"Sanity calms, but madness is more interesting.” -John Russell

Thursday, August 19, 2010

Book Review: Old Man's War

I'm rereading Old Man's War, by John Scalzi for probably the fourth or fifth time in the last year.  Ok, I'm a fast reader.  And yeah, I like my favorite books.  Books on my "constant reread" list tend to feel like old friends I'm seeing again.  Sure, I know exactly what's going to happen.  But who cares?  I like my nice, safe, familiar book worlds.


So anyway, I'm rereading Old Man's War, because, even though it's really Heinlein/Starship Troopers-lite, it's a pretty damn funny book.  Like Starship Troopers, humanity is fighting a big war against extraterrestrials, and we see this fight through the eyes of someone who is enlisted as a soldier.  But here's the catch - the soldiers are all old people from Earth, put into new, improved bodies, and set lose on all the alien species wanting to kill off humans.  Lots of action.  Lots of great, funny dialogue.  Really, the best part of the book is the dialogue.  Scalzi makes his characters eminently likable.  And you know - and here's where I'm an undiscerning sap when it comes to books - good things happen to the main character!  You root for him, he succeeds, and I'm happy.  Maybe it's not great literature, on the scale of character agony, pain and deprivation, but for this book, it works.
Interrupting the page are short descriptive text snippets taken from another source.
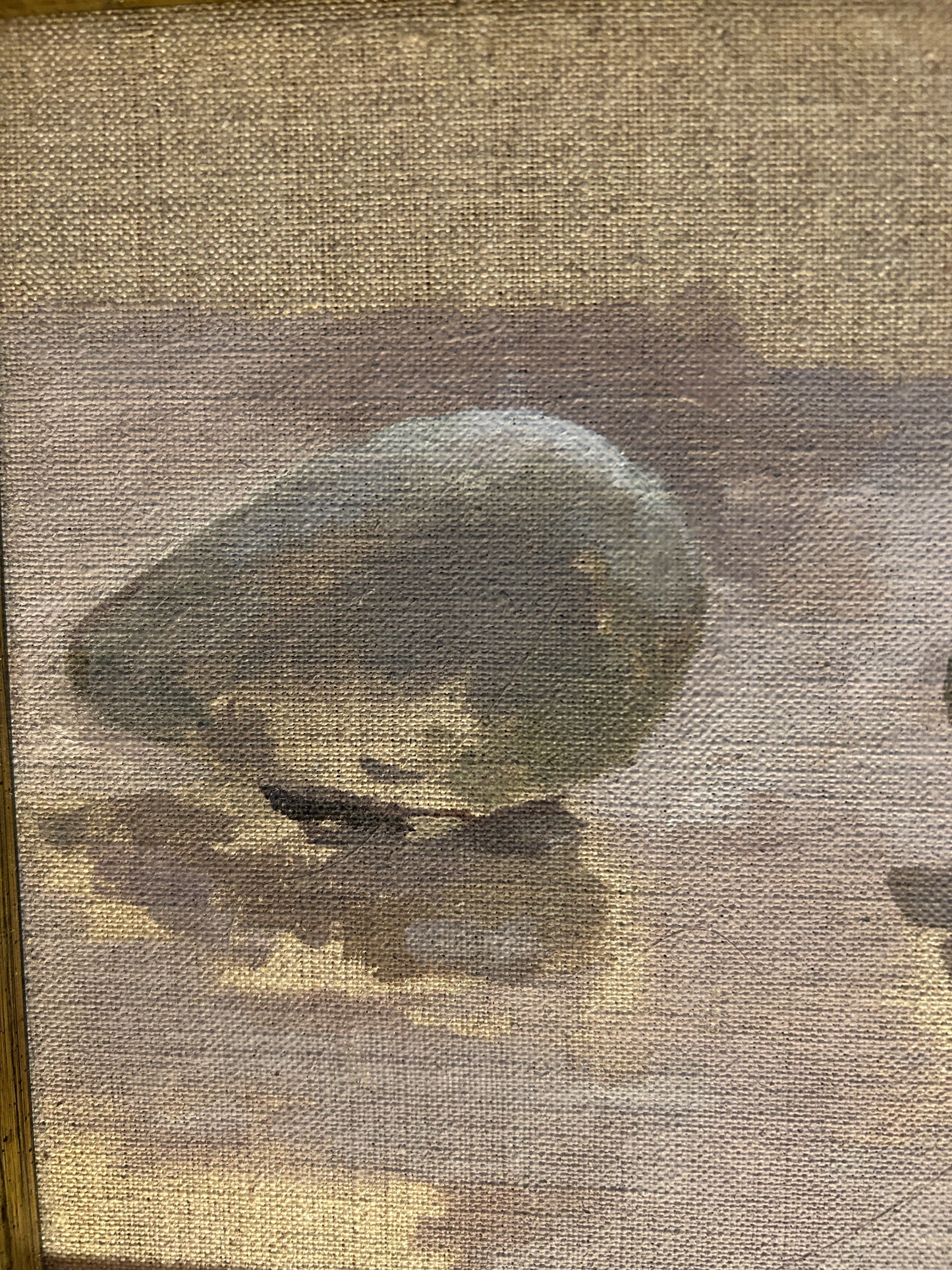 Still Life of Three Quails Eggs Oil on Canvas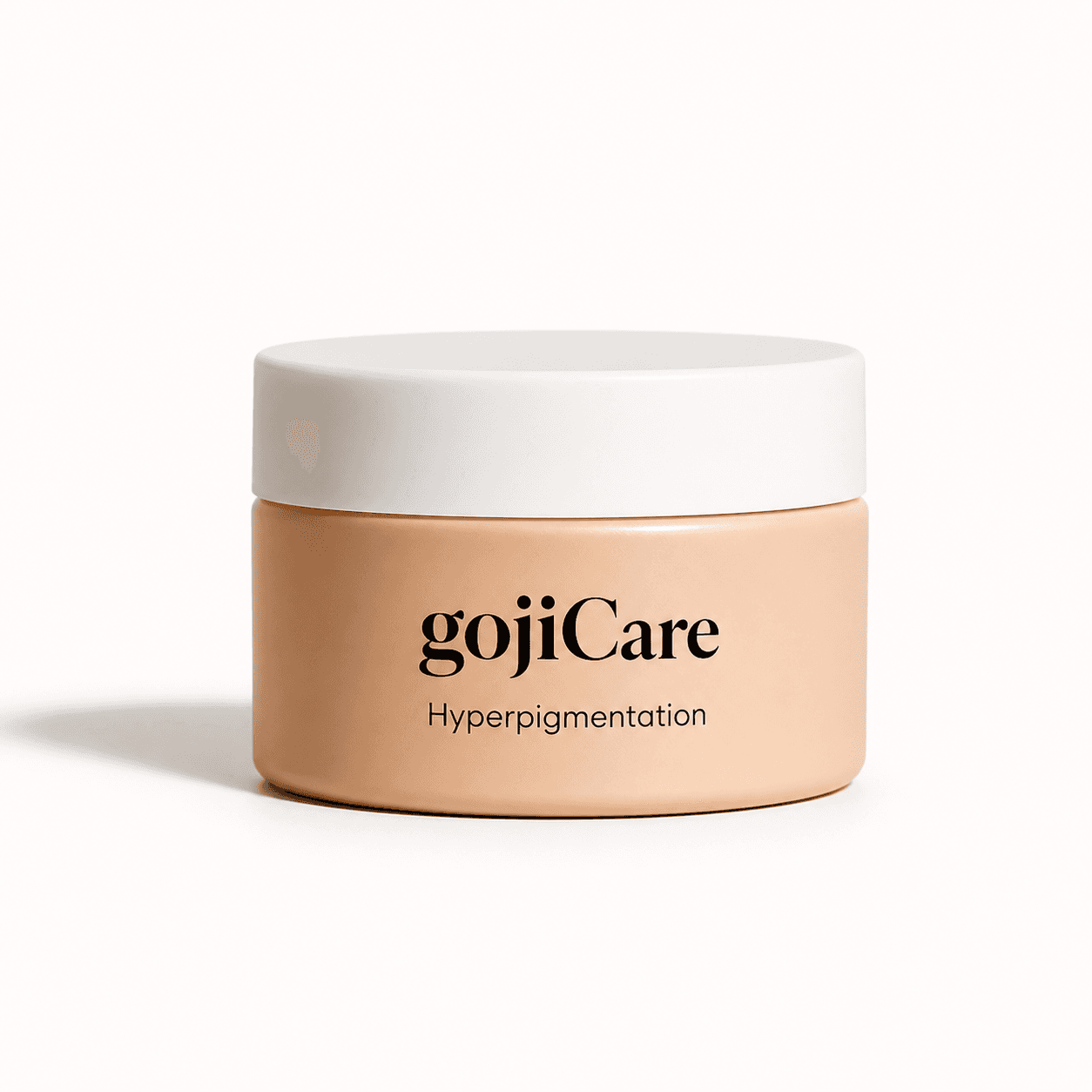 Warm amber jar with a white lid representing the hyperpigmentation treatment cream
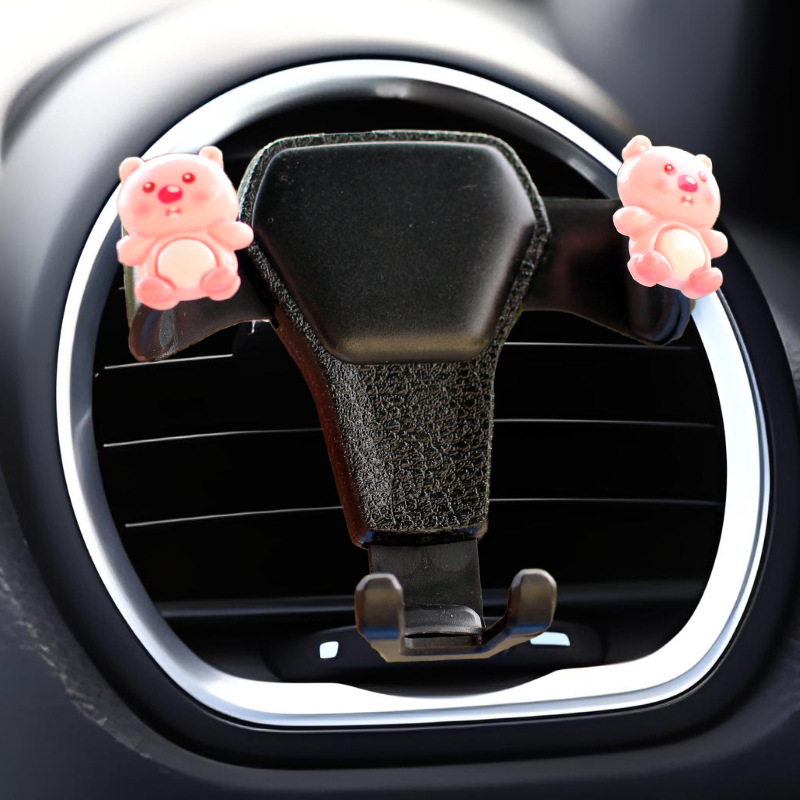 Nuevo soporte de teléfono móvil de oso montado en el automóvil mujer hermosa pantalla horizontal pantalla vertical consola central mujer con soporte de navegación sin
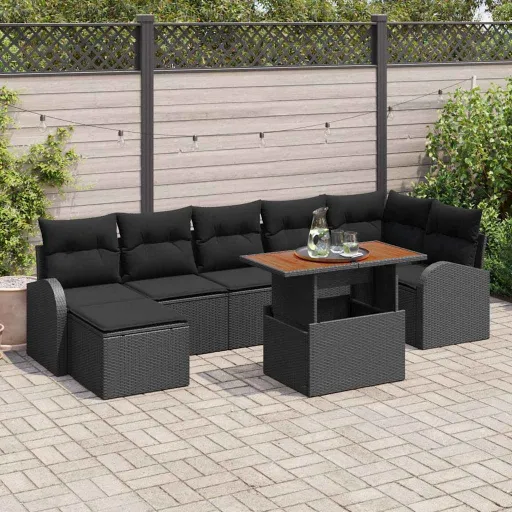 Conjunto de Sofá de Jardín   Negro Poliratán (8 pcs)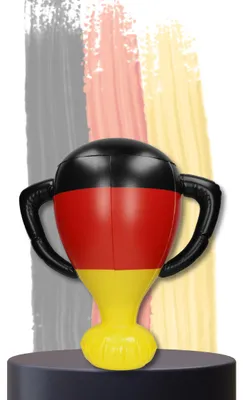 Immagine prodotto di Trofeo gonfiabile con i colori della Germania - Articoli per tifosi dei Mondiali di calcio 2026 - Accessori per i Mondiali - Perfetto per lo stadio con i colori della Germania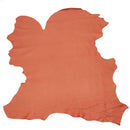 Peau entière en cuir de cerf couleur orange nacré avec de subtils reflets dorés.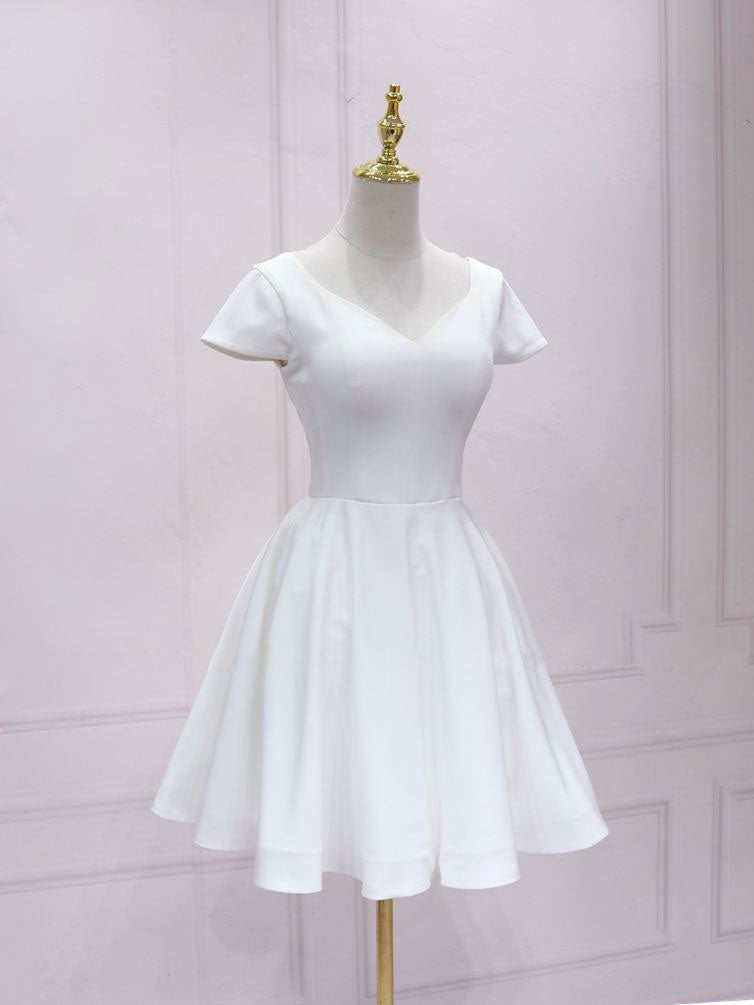 White v neck satin lace short prom dress, white homecoming dress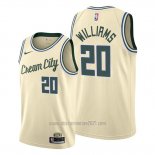Camiseta Milwaukee Bucks Marvin Williams #20 Ciudad 2019-20 Crema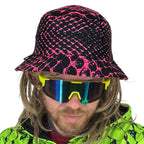 Neon Serpent Pink UV Bucket Hat by First Earth – reversible UV reactive hat for rave fashion and festivals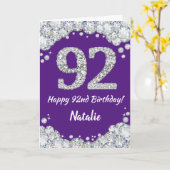 Happy 92e verjaardag Paars en Silver Glitter Card Kaart (Gele Bloem)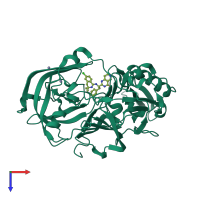 PDB entry 4i10 coloured by chain, top view.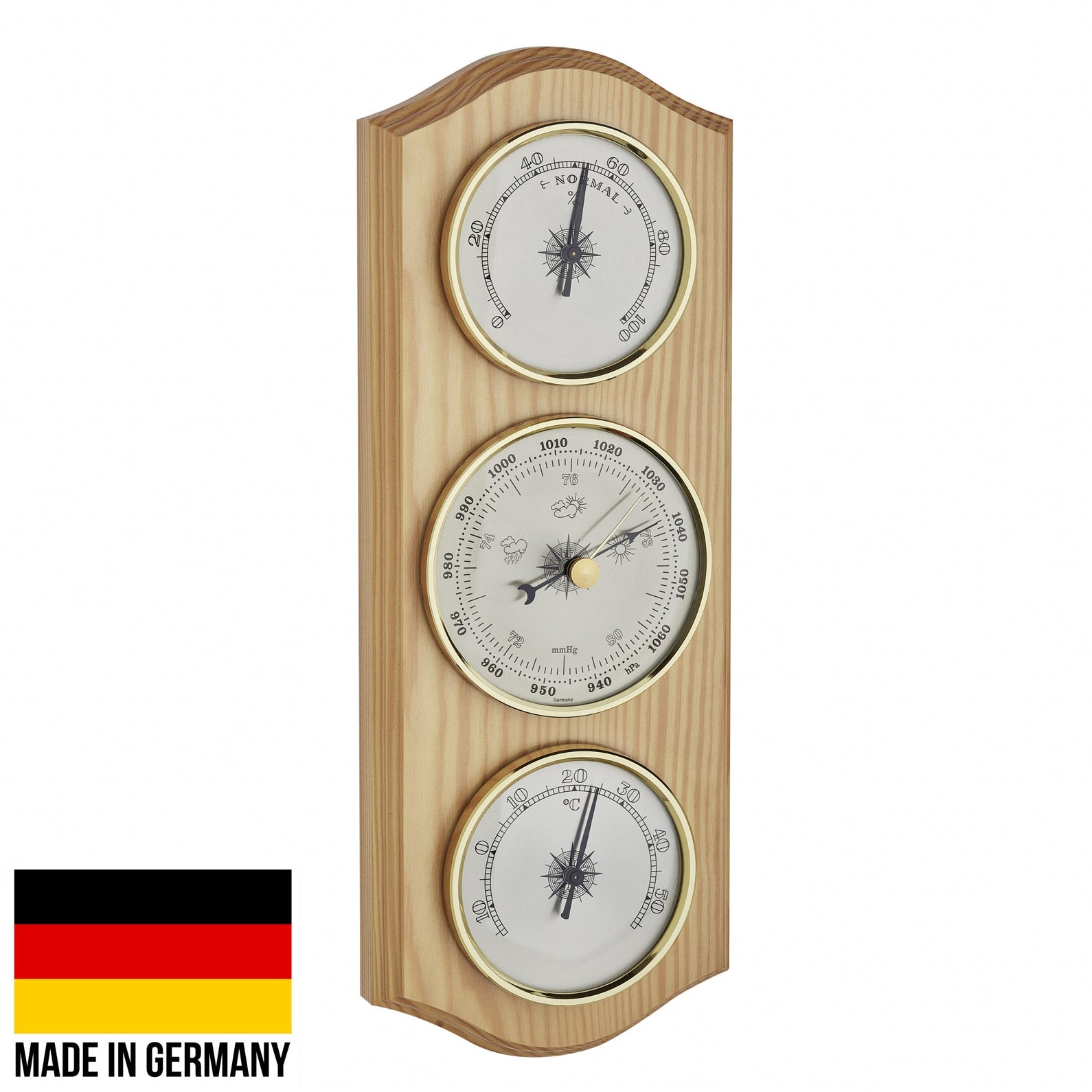 Buy TFA Curved Weather Station Solid Pine Brown 27cm Online – Oh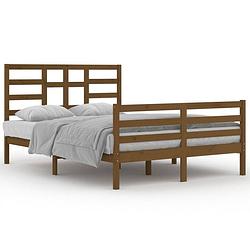 Foto van The living store the living store bedframe - houten - 205.5 x 146 x 104 cm - grenenhout - honingbruin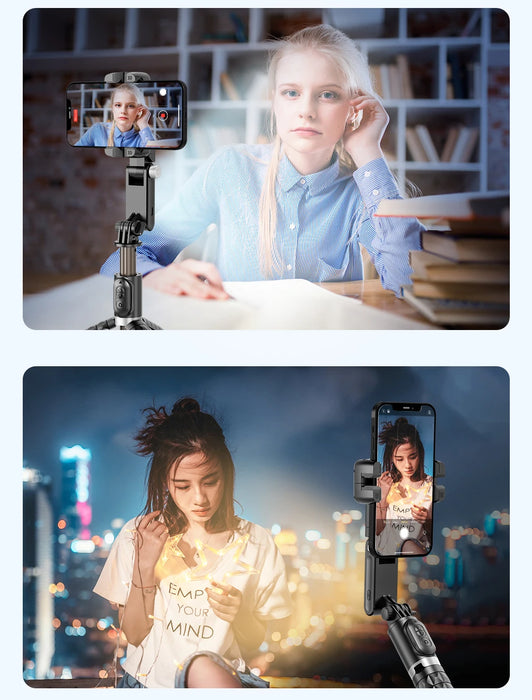 Q18 360° Follow-Tracking Gimbal — Selfie Stick Tripod with Fill Light for iPhone & Smartphones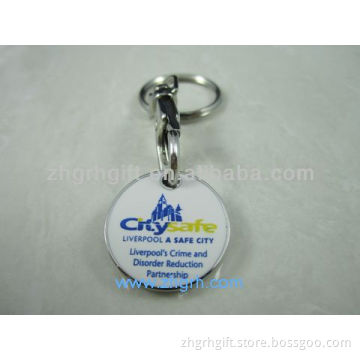 designated logo trolley coin keychain token coin keychain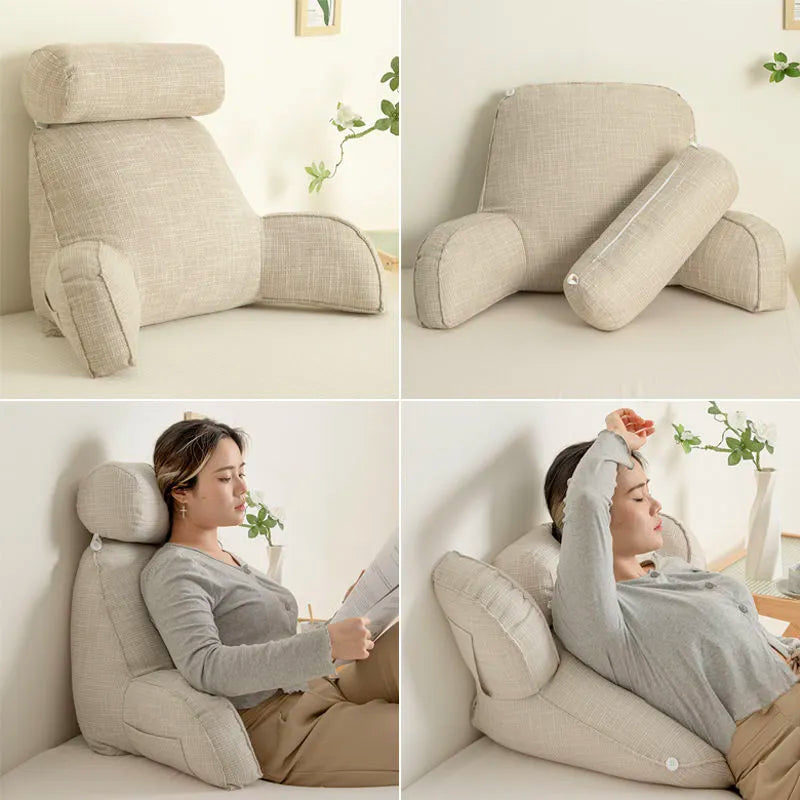 Ergonomic Back Cushion with Adjustable Headrest and Soft Armrests for Neck Support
Plot development-wise, the book is pretty light.  It really reads like a combination of Starship Troopers and Orson Scott Card's Ender's Game, but instead of children, we have geriatrics.  The plot's been done before - no big surprises here.  But it's a nice, fairly happy sci-fi novel with good dialogue and funny characters.  And sometimes, that's pretty tough to find in the pretty big genre of science fiction, and that's really what makes this book worth reading.